Эта женщина не похожа ни на кого. Она не вписывается ни в какой – литературный, культурный, мировоззренческий – ряд. Экзотическое растение, у которого, в сущности, нет почвы, потому что книги, само- и просто образование – не почва, но лишь климат, атмосфера, тоже влияющая на формирование человека, конечно. Но почва – это другое. Семья, традиции, корни, гены. Да какие уж там традиции – мать Сьюзен держалась с дочерьми отчужденно, отец умер рано, отчим, в прошлом военный, молил падчерицу поменьше читать, иначе она никогда не выйдет замуж. Романист, эссеист, еврейка, лесбиянка, интеллектуал – ни одно из определений не исчерпывает ее и не дает ключ к ее тайне. Все это вместе и одновременно никакое из них. Кажется, ее призвание состояло в том, чтобы жить, читать и мыслить. То, что попутно ее мысли воплотились в романы, рассказы, знаменитые эссе о фотографии, о боли и механизмах самозащиты в культуре, – почти случайность, хотя и приятная.

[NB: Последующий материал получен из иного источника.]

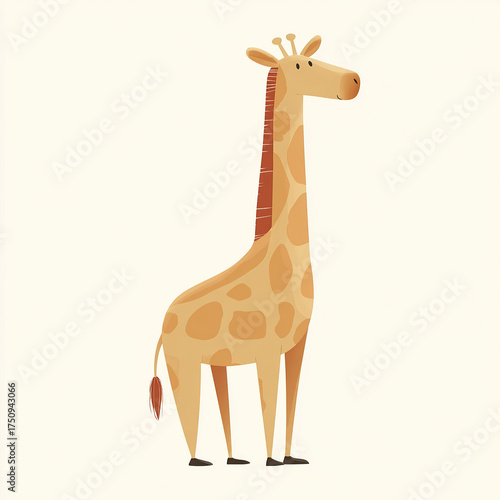 Cute giraffe, simple flat illustration clip art , with muted beige colors on a white background.

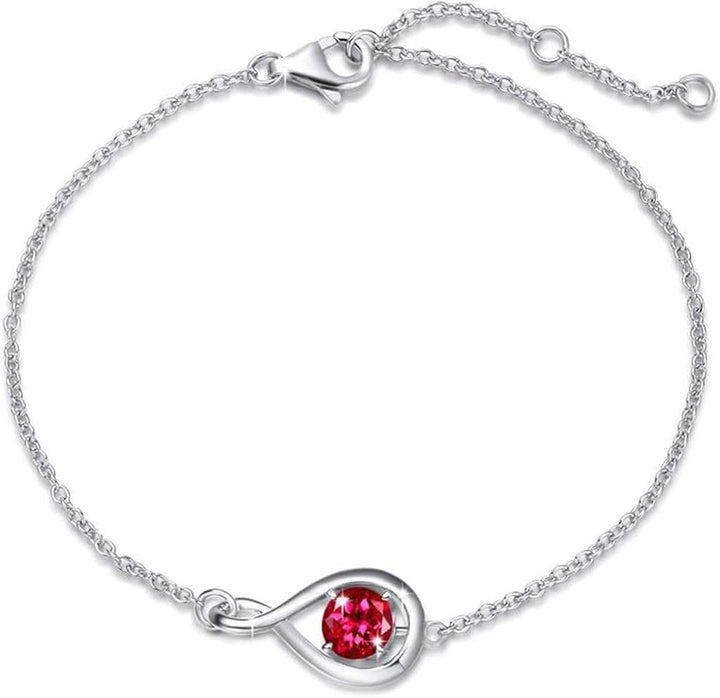 Rubin Infinity Bracelet | White Gold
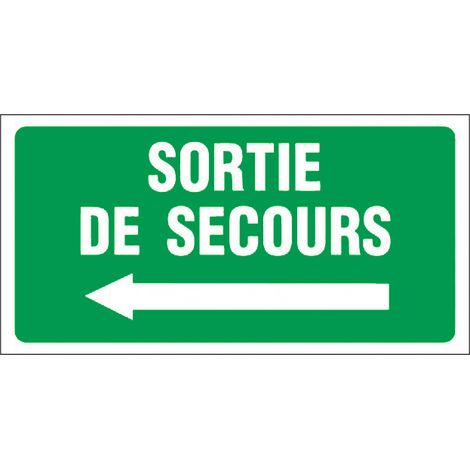 Panneau Sortie de secours à gauche - Rigide 960x480mm - 4000046
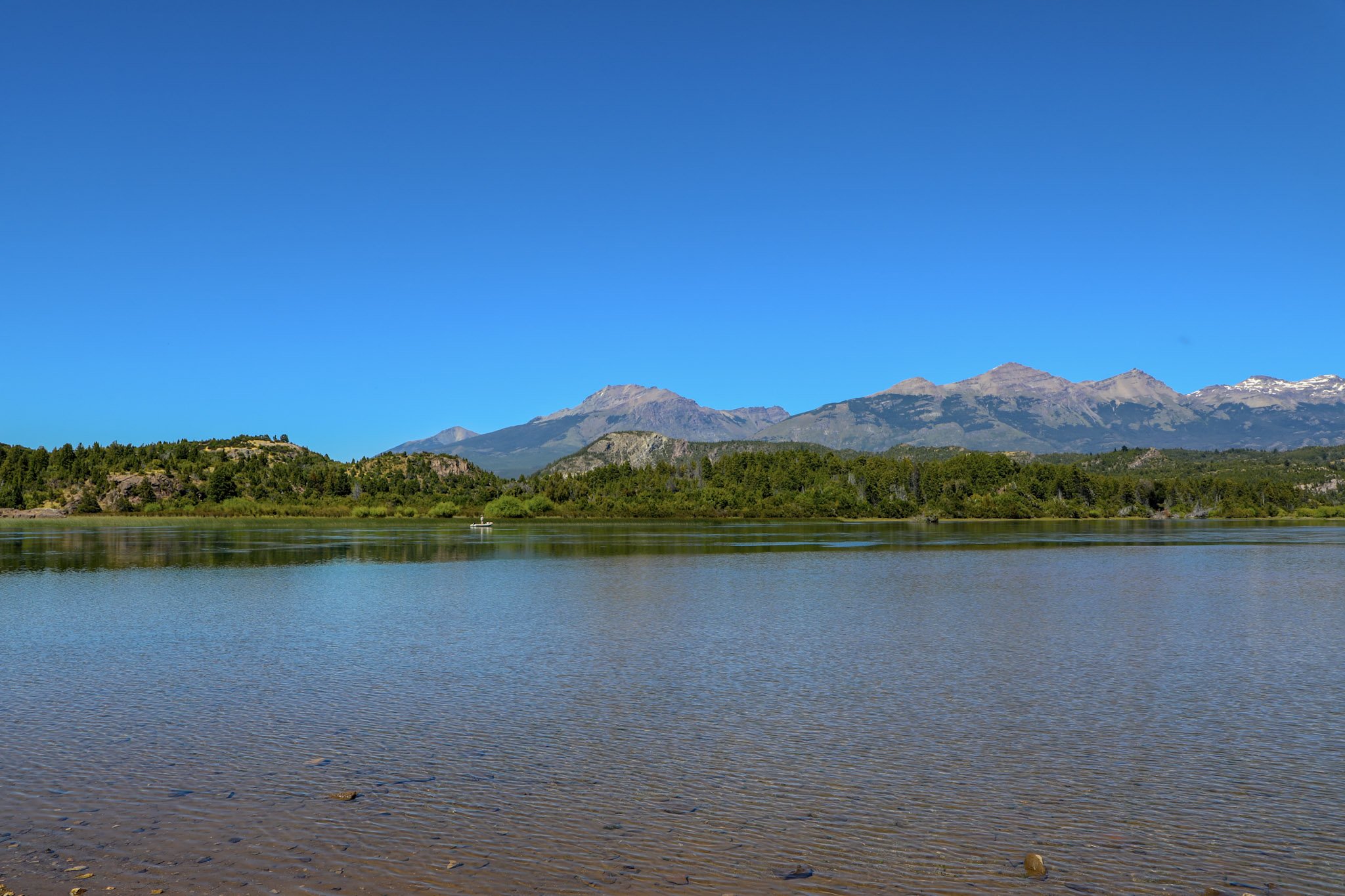 Mirror-calm lakes and still rivers in Patagonia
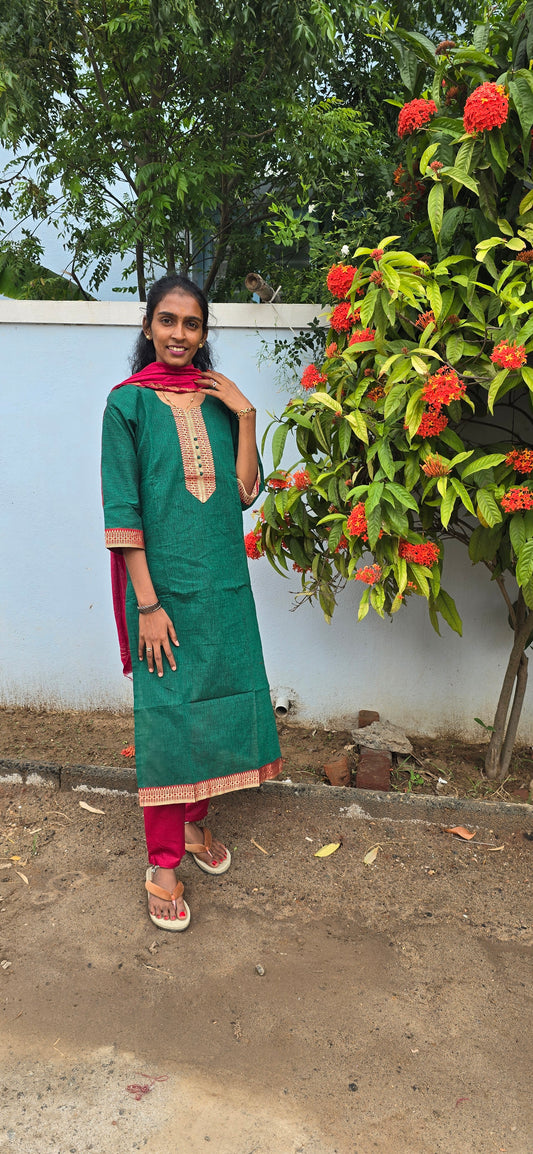 Pure Cotton Ready-made 3 piece set - 1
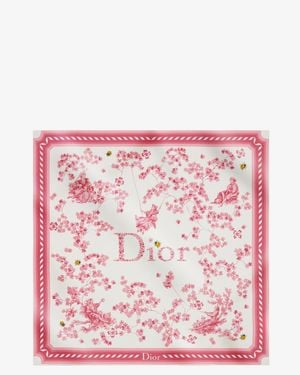 Dior Silk Scarf Toile De Jouy Clover 90 - Pink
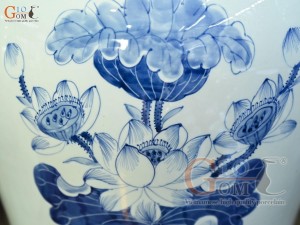 Đôi chóe men lam cổ vẽ Công Đào Tài Lộc, 30L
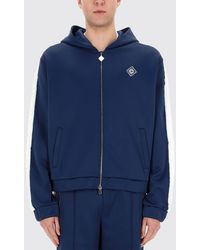 CASABLANCA - Monogram Pattern Jersey Zip-Up Hoodie - Lyst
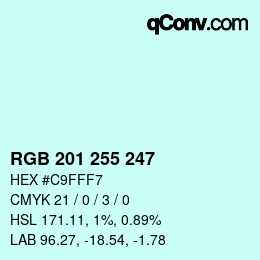 Color code: RGB 201 255 247 | qconv.com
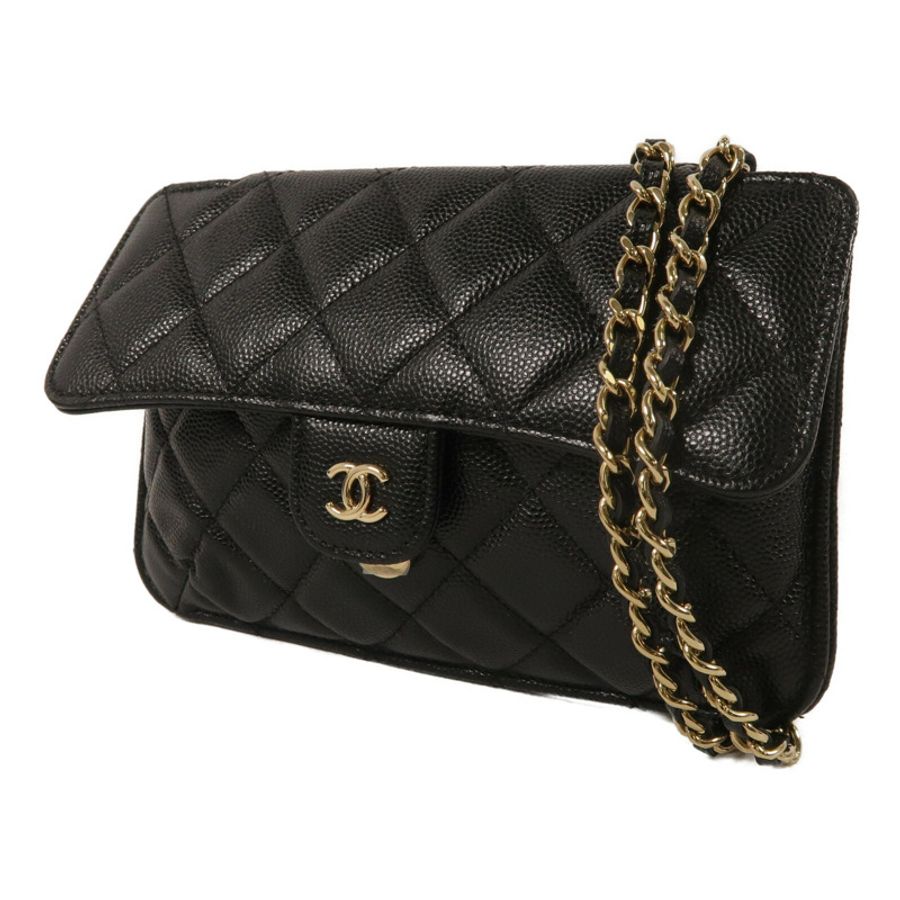 CHANEL 牛皮皮革Chain Shoulder鏈帶肩背袋-13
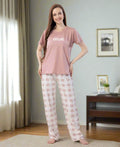 Velure Graceful Printed Pajama Set - Velure - - Cotton Lycra Fabric, Full Length Pant, Half Sleeves, Round neck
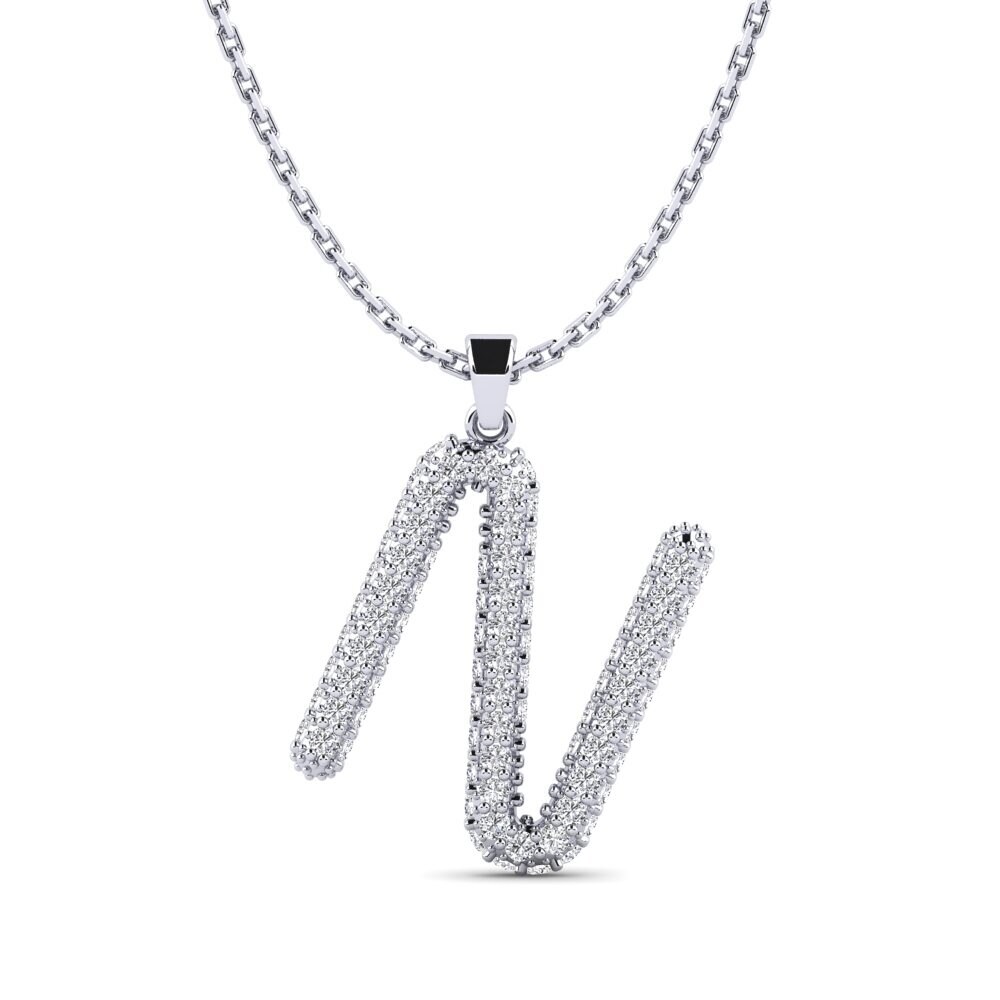 Weißgold 375 Labor-gezüchteter Diamant Damen anhänger Exeren - N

Сьюзен Сонтаг, безусловно, из тех, кто изменил мир, и все же не словами, не текстами, а просто способом жить.

Ее сын от раннего и не слишком продолжительного брака, Дэвид Рифф, решился опубликовать дневники матери несколько лет назад – на свой страх и риск: Сонтаг публикацию не запретила, но и не благословила, бумаги же завещала Калифорнийскому университету в Лос-Анджелесе, так что официально принадлежат они не Дэвиду. В дневниках, кстати, регулярно всплывает мысль, не отказаться ли ради творчества от сына.

«Заново рожденная» – первая часть этого поразительного автоописания, охватывающего 1947–1963 годы (впереди еще две части).

Чтобы получить даже самое беглое представление о них, рекомендуем вам пройти небольшой тест. Попробуйте угадать, сколько лет было Сонтаг в тот момент, когда она написала, например, это: «Мне не стоит глядеть на небо дольше минуты, думать о смерти, о вечности – мне не стоит всего этого делать, чтобы не оказываться наедине с ужасными мгновениями, когда мой разум представляется мне осязаемой вещью, и не только разум, а весь мой дух, все, что одушевляет меня, оригинальные, отзывчивые желания, составляющие мою личность, все это принимает некую форму и размер, существенно большие, чем способно вместить мое тело. Тяни-толкай, годы и потуги... каждая мышца на дыбе, силясь вытянуться в бесконечность». Сдаетесь? 1948 год. Ей было 15 лет.

В процитированном фрагменте ощущается и прочитанный Томас Манн, к которому юная Сонтаг даже напросилась в гости, и Джойс, и Толстой, и Фолкнер, и Достоевский. Ее списки книг, обязательных к прочтению, – одна из важных особенностей дневника; многие из списков публикатор сократил втрое, впятеро, так как они занимают слишком много страниц.

Но, существуя в насыщенном растворе чужих идей, текстов, наблюдений, фонтанируя собственными, Сонтаг жила не только в мире духа. Ее отношения со своим телом, романы с женщинами, которые лишь ненадолго прервал брак с мужчиной, описываются с методичностью и страстью не меньшей, чем впечатления от прозы Кафки и Хаксли. Особая обнаженность ума уравновешена обнаженностью сердца. Их сочетание порождает особое «откровенное» письмо, которому под силу описать и аборт, и ингредиенты писательской личности («псих, идиот, стилист, критик»).

...И, пожалуй, русскому интеллектуальному сознанию, заключенному в цепи табу, подобная прививка интеллектуального бешенства только на пользу.